In June of 2011 the City of Beloit issued a condemnation order on property owned by Iyad Nabham after an inspection in March 2011 during which several substantial code violations were identified. This was despite the fact that an inspection four months prior found only “minor violations.” The building in question houses a retail business and five apartment units, the City of Beloit ordered Nabham to raze the structure within 30 days as they had found that the estimated repair cost to bring the building up to code was $63,000 and the property’s value was $49,300. Nabham contested the condemnation order and was granted a temporary injunction and trial in circuit court.

The violations found in March had existed for many years and the city offered no explanation for why the violation suddenly required immediate attention. The City of Beloit also did not justify why the value of repairs was increased from the inspector’s estimate and the property’s assessed value was cut in half. According to the circuit court judge, the value of the property was cut in half between 2007 and 2011 for the purpose of allowing the City to claim that repairs would cost 50% of the assessed value. Finally, the inspector’s report contained several unnecessary references to Nabham’s Middle East ethnicity. It was concluded that such details suggested that the city had an interest in removing the building because of the ethnic background of the people living there rather than code violations.

The circuit court action concluded with the injunction being made permanent, the repairs being deemed unnecessary, and a reassessment of the building’s value. The City of Beloit appealed. The Wisconsin District IV Court of Appeals affirmed the circuit court, stating:

“Overall the evidence supports the circuit court’s credibility determination and findings.  The circuit court found that there were no violations needing repair and that the City suddenly reduced the assessed value of the property “beyond anything that appears reasonable.”  Not only was there no basis for the City’s declaration that the building was “so out of repair as to be dangerous,” but there also was no basis to claim needed repairs exceeded 50% of the assessed value…We conclude that the circuit court’s findings are based on a credibility assessment and those findings support a determination that the condemnation order was unreasonable.  We affirm the injunction order.”
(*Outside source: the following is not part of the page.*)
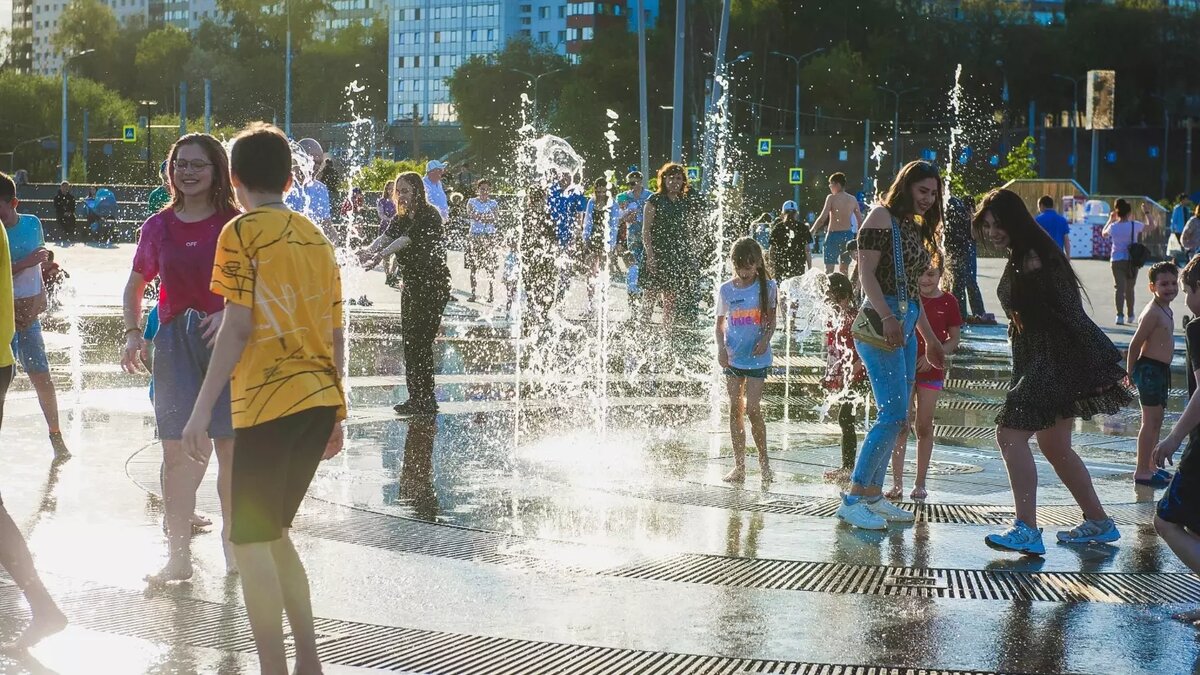 Эксперты советуют в жару носить легкую одежду, пить много воды и чаще умываться прохладной водой. Фото: 1MI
The city was ordered to withdraw the condemnation order and begin the inspection process again.

Missouri Heritage Value statute declared constitutional; family awarded $2 million in eminent domain proceeding

by Gary Taylor

St. Louis County v. River Bend Estates HOA
(Missouri Supreme Court, September 10, 2013)

The Missouri Heritage Value statute (statute) was adopted by the Missouri legislature in 2006.  It provides for additional compensation for the exercise of eminent domain over homesteads, and properties held within the same family for 50 or more years.  If a property has been owned within the same family for 50 or more years, “just compensation” is determined by statute to be fair market value plus an additional 50 percent (“heritage value”), thus equaling 150 percent of fair market value.
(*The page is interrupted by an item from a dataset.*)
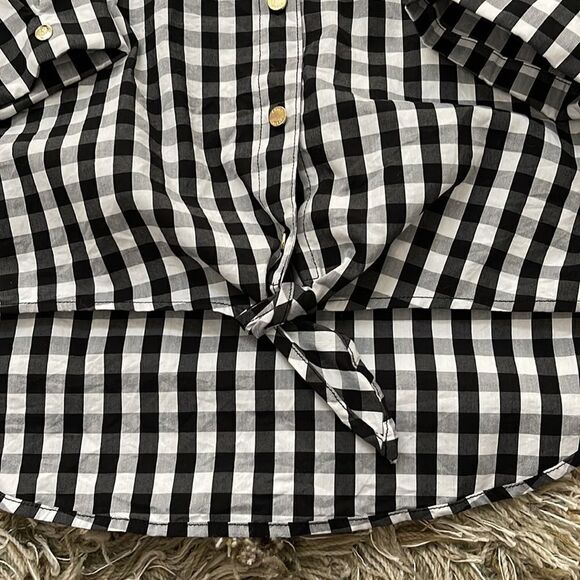 Anne Klein Button down shirt. Size Small - Picture 3 of 6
St. Louis County condemned 15 acres of property for a highway extension project.  The property was deeded to Arthur Novel in 1904, who farmed it with his wife until their deaths in 1968.  It stayed in the family and was owned by the Novels’ descendents until the condemnation proceedings.  The condemnation court awarded the descendents $320,000 for acquisition of the property, and an additional $160,000 for heritage value, resulting in a total award of $480,000.  The descendents appealed, and at trial the jury awarded them $1.3 million, to which the court added $650,000 for heritage value for a total award of approximately $2 million (including interest).  The county appealed.  Because the challenge was to the constitutionality of the statute the appeal went directly to the Missouri Supreme Court.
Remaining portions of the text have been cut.